Output Settings: File format and naming

output:
  file_prefix: "Concord_DataTape"
  format: "csv"
  include_profiling: true

Column Definitions: Output structure

columns:
  - name: "System Name"
    required: true
    description: "Unique system identifier"

Troubleshooting

Common Issues

Problem Solution
"Database connection failed" Check VPN connection and database credentials
"SQL query timeout" Use --force-refresh or check query performance
"Missing output columns" Review configuration file and SQL query results
"Permission denied" Ensure write access to output directories

Log Files

Each datatape run creates detailed logs:

# View latest run log
cat datatapes/concord/logs/Concord_2025-06-18.log

# Monitor real-time execution
tail -f datatapes/concord/logs/Concord_2025-06-18.log

Data Quality Issues

If data quality reports show issues:

  1. Missing Data: Check source systems for data availability
  2. Format Problems: Review SQL query logic and transformations
  3. Unexpected Values: Validate against business rules
  4. Performance Issues: Consider query optimization or caching

Best Practices

Regular Execution

  • Run datatapes on a consistent schedule
  • Use target dates that align with business cycles
  • Monitor data quality reports for trends

Documentation Review

  • Keep column documentation updated
  • Document any custom configurations
  • Review SQL queries for business logic changes

Output Management

  • Archive completed outputs regularly
  • Clean up old cache files periodically
  • Monitor disk space usage

Advanced Usage

Custom Portfolios

Filter datatapes for specific portfolios:

# Single portfolio
python run_concord.py --portfolio "Sunnova SAP IV LLC"

# Multiple portfolios
python run_concord.py --portfolio "Sunnova SAP IV LLC" --portfolio "Sunnova TEP 8-B LLC"

Date Ranges

Generate historical data:

# Specific date
python run_concord.py --target-date "2025-05-01"
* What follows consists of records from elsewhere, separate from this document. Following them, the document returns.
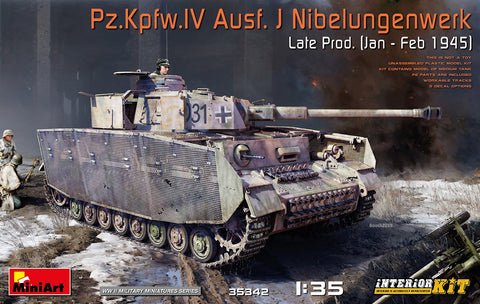 MiniArt Military 1/35 WWII PzKpfw IV Ausf J Nibelungenwerk Late Production Tank w/Full Interior (New Tool) Kit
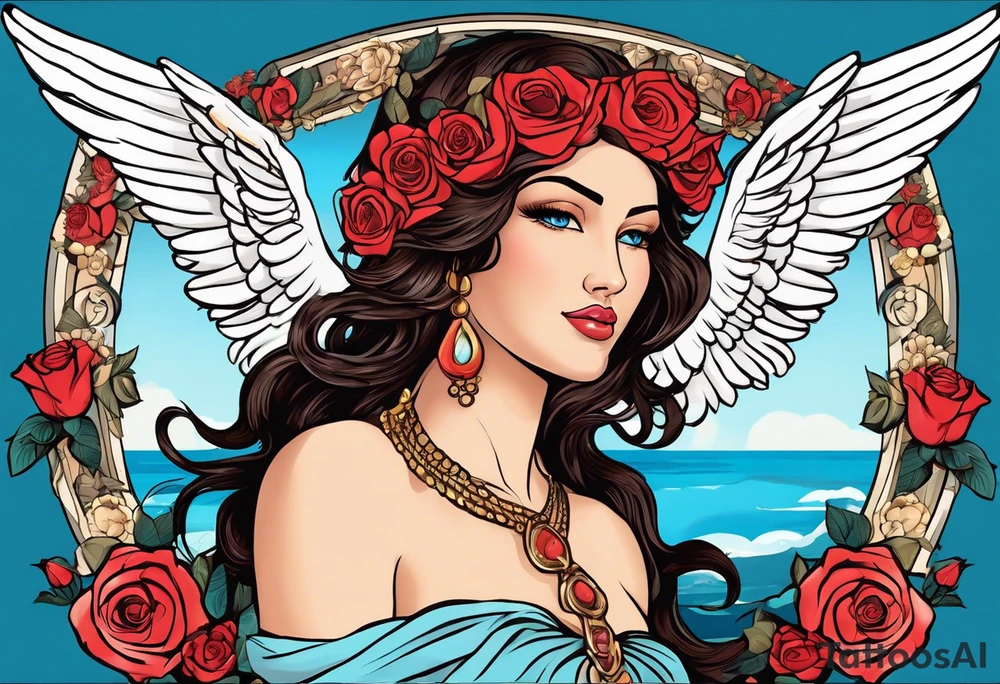 rtrait of AphroPodite: A face or full-length image of the goddess, often in a realistic style, perhaps decorated with flowers, seashells, or doves.rose, doves, shells and a mirror in his hand. background sea, blue roses frames,, romantic,background  fly boy wings and a bow, cupido tattoo idea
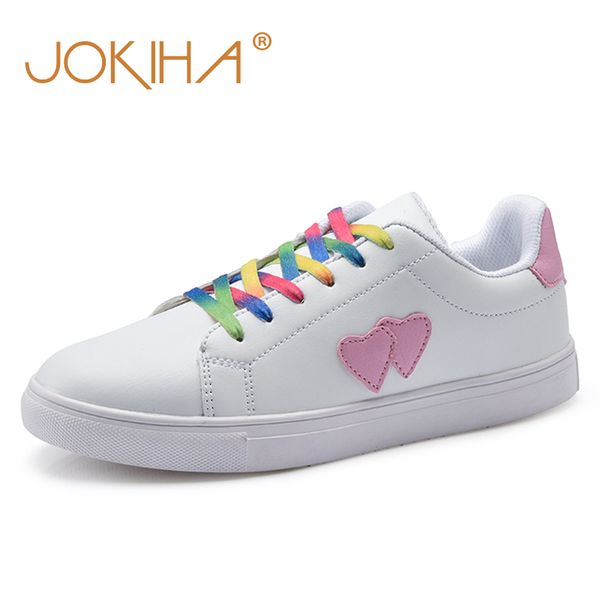

jokiha fashion flats shoes woman pu leather women rainbow lace casual shoes white cute lovers heart girls footwear, Black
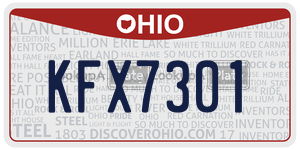 KFX7301  license plate in OH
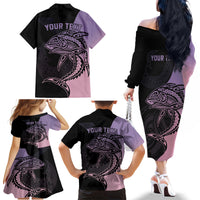 Personalised Polynesia Fishing Family Matching Off Shoulder Long Sleeve Dress and Hawaiian Shirt With Maori Hei Matau Fish Hook Pastel Art - Wonder Print Shop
# Use with automation tools for date ranges
for date in 2025-01-01 2025-02-01 2025-03-01; do
    python run_concord.py --target-date $date
done

Performance Optimization

For large datatapes:

# Use cached results when possible
python run_concord.py  # Uses cache by default

# Force refresh only when needed
python run_concord.py --force-refresh

# Monitor performance
python run_concord.py --verbose